I would like to know whether it is good to make matrix class using dynami memory allocation (new/delete or malloc/free) or using two-D arrays wit fixed (big enough)size?
of course, my focus is efficiency in terms of speed. How much I would experience speed down if I use matrix class using dynami allocation?
If the quantity of speed down is big enough, where can I get some usefu information about matrix computation in embedded system?
c.f.> I already made matrix class using new/delete and am using it for m project. however I think it does not have enough performance. It seems to be slower than I thought. and I am using samsung S3c2410 (ARM920T core with 16K chache and mmu).

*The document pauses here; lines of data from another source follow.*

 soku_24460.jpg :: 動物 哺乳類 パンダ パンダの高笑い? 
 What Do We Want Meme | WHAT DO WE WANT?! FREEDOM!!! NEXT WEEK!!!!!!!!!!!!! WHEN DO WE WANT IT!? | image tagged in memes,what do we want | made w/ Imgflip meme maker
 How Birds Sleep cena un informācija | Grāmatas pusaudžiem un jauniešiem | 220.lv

This message was sent using the comp.arch.embedded web interface o
If you know the size of your arrays, use the stack. Dynamic memory uses the heap and it will have a performance impact both in memory allocation time and data access time. Only use dynamic memory allocation if you have a good reason for using it. Regards db
This of course depends how often the new/delete is called. If temporary objects are created for each matrix operation, the dynamic memory handling could easily consume most of the time. The advantage with allocating arrays of the correct size is that all elements are close together and with cache and/or virtual memory, quite high hit rates can be achieved with few cache conflicts.

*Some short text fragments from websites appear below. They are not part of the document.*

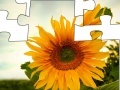 Игра Jigsaw: Sunflower 2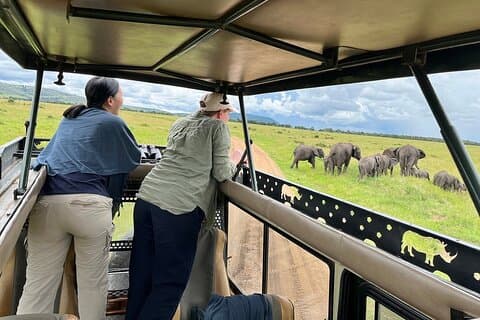 Tagestour zum Amboseli Nationalpark mit Parkeintrittsgeldern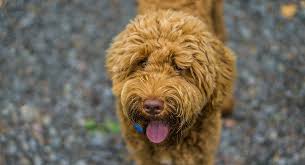 red labradoodle how does this popular color affect your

While a large fixed 2-D array does not have run time overhead. However, if only part of each line and column is used, the actual data is distributed all around the big array into small segments. This can be bad for the cache performance. At least make sure that each segment starts at the beginning of a cache lane.
Especially with primitive cache algorithms, such as the single associative 1 to 1 mapping, a physical address can only be loaded into a specific cache address. If the fixed 2-D array allocation is done carelessly, two adjacent lines or columns, which are in wildly separate memory segments could map to the same cache address, causing frequent reloads and dramatically dropping the performance. Using array dimensions that are _not_ a power of 2 usually avoids this problem. Anyway, it is important to know how the cache system works on a specific processor and design the table allocation accordingly.
One way around this would be to allocate just a big 1-D vector and at each matrix reference calculate the actual 1-D element index. In this way all the used elements would be close together. For each matrix, define a macro
#define A(i,j) a[(i)*a_dim1+(j)]
To compare the performance with fixed 2-D allocation or dynamically allocated 2-D, simply redefine
#define A(i,j) a[i][j]
#define A(i,j) this->a[i][j]
By defining macros for each matrix,you could always write the program nearly in good old FORTRAN style :-) e.g. like
C(1,4) = A(2,4) + B(3,1) ;
After performance tests the best implementation could be selected, without making the program hard to read.
Since you are apparently already doing your own array subscripting based on the array size, you have eliminated the potential cache miss problem.
No, that isn't necessary. You might get some small cache advantage from packing all arrays within a single area, but not as big as running the rows together, as you have apparently done.
Since you posted in comp.arch.embedded, it is worth noting that many embedded programmers avoid dynamic memory allocation whenever possible, due to the potential for memory fragmentation causing problems when run for days / weeks / months without restart.